El primero fue la acusación de Fiducia, (grupo ultraderechista que andaba por las calles, disfrazados de medievales, defendiendo la familia, la patria y la propiedad, sobre todo esta última), un ultraderechista, el brasilero Plinio Correa de Oliveira publicó un folleto llamado “Frei, el Kerenski chileno”, maldición que lo persiguió hasta el fin de sus días.

El segundo lo constituyó el triunfo de Salvador Allende, en las elecciones de 1970. Frei y Allende habían sido amigos hasta 1964, incluso veraneaban con sus familias, en Algarrobo; fue la campaña del terror la que rompió esta amistad; Frei estaba muy incómodo durante el período del triunfo de Allende y la asunción del mando, en noviembre de 1970. Entre septiembre y noviembre, previo al cambio de mando, ocurrió la corrida bancaria, la conspiración de la ITT y el asesinato del comandante en jefe, René Schneider.
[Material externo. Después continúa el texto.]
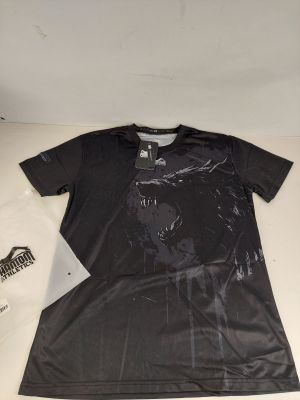 the shirt is black and white with a picture of a cat on it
Cuentan que Frei recibió muy fríamente a Allende cuando le pidió audiencia para coordinar la pesquisas respecto al asesinato de este general; el hielo en la entrevista lo quebró Allende con una de sus típicas salidas humorísticas sentándose, súbitamente, en el sillón presidencial y decirle “¿Cómo me veo?”. El trato que da Frei a Allende en sus discursos y entrevistas, en el período de la Unidad Popular fue, en extremo, despectivo tratándolo de superficial y hasta irresponsable.
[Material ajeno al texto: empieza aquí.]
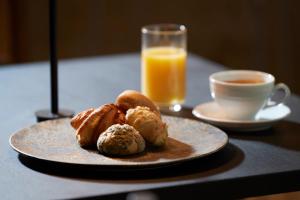 a plate of pastries and a cup of coffee and orange juice at TONES Osaka in Osaka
El tercer elemento se refiere a la carta a Mariano Rumor, quien  presidía la democracia internacional, en la cual acusaba a la Unidad Popular de haber provocado el golpe de Estado y apoyó a la Junta Militar.
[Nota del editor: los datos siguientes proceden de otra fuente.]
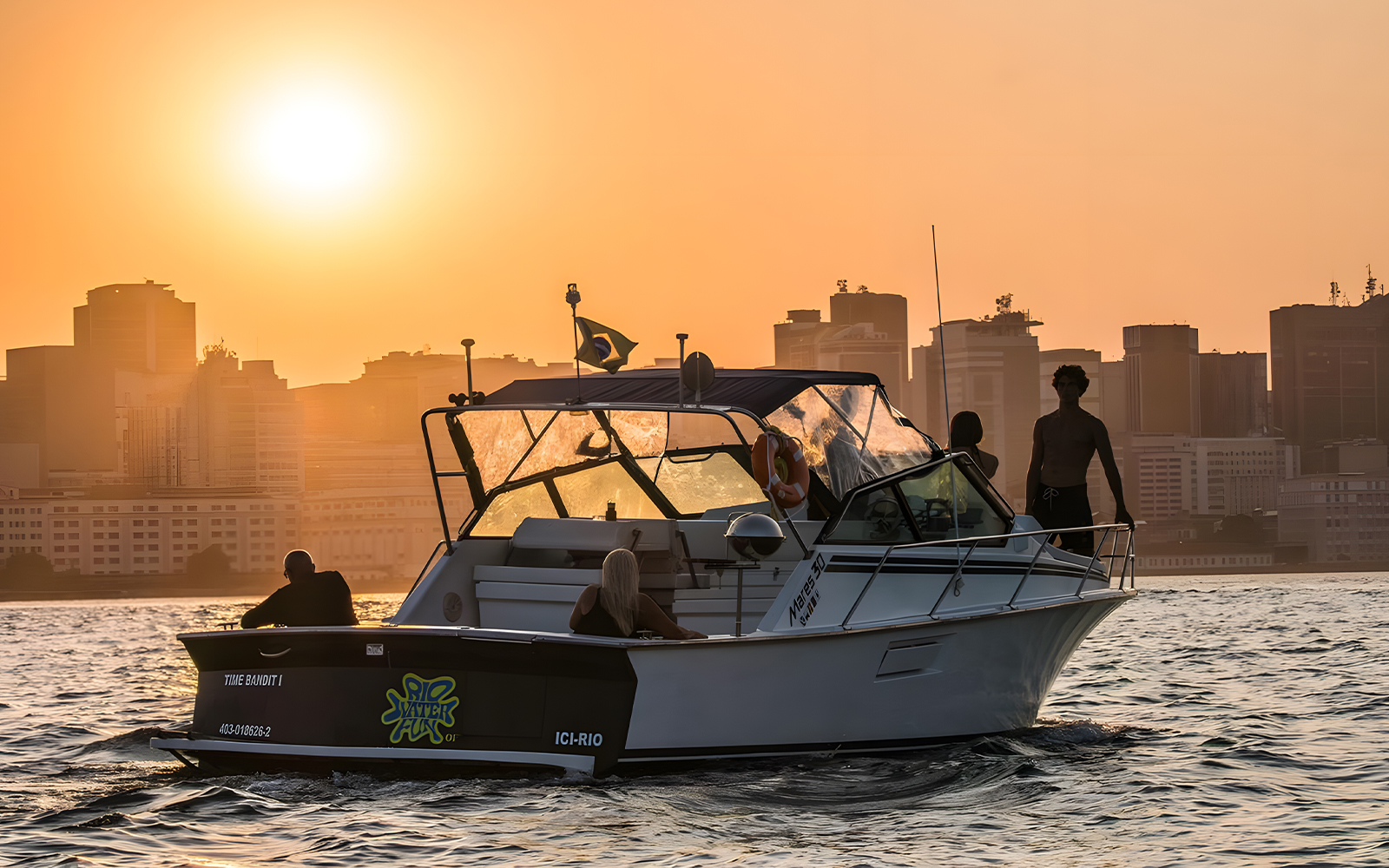 Tourists on a boat during Rio de Janeiro sunset cruise with city skyline in the background.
            Durante parte del período de la dictadura, la Democracia Cristiana, al menos su sector freísta, mayoritario, se negó a formar un frente antifascista con la izquierda, sólo aceptaba aliarse con los socialistas, que ellos consideraban “democráticos”, entre ellos, Carlos Briones y Aniceto Rodríguez, incluso preferían el cambio dentro del mismo régimen, con militares menos comprometidos con Pinochet. Hay que exceptuar, necesariamente, a Leighton, Fuentealba, Castillo y muchos otros más que, claramente propiciaron una alianza con la izquierda; baste recordar, como botón de muestra, la reunión de Colonia Tobar, en Venezuela.

            En 1980, Eduardo Frei encabeza la oposición a la aprobación de la ilegítima Constitución dictatorial, (que hoy, muy torpemente, lleva la firma de un demócrata, como el ex presidente Ricardo Lagos). Su discurso fue contundente, como el de sus mejores épocas, incluso tuvo el valor de desafiar al tirano a un diálogo público, ante las cámaras de televisión, desafío que el cobarde dictador no aceptó. En este último acto público Eduardo Frei selló su sentencia de muerte.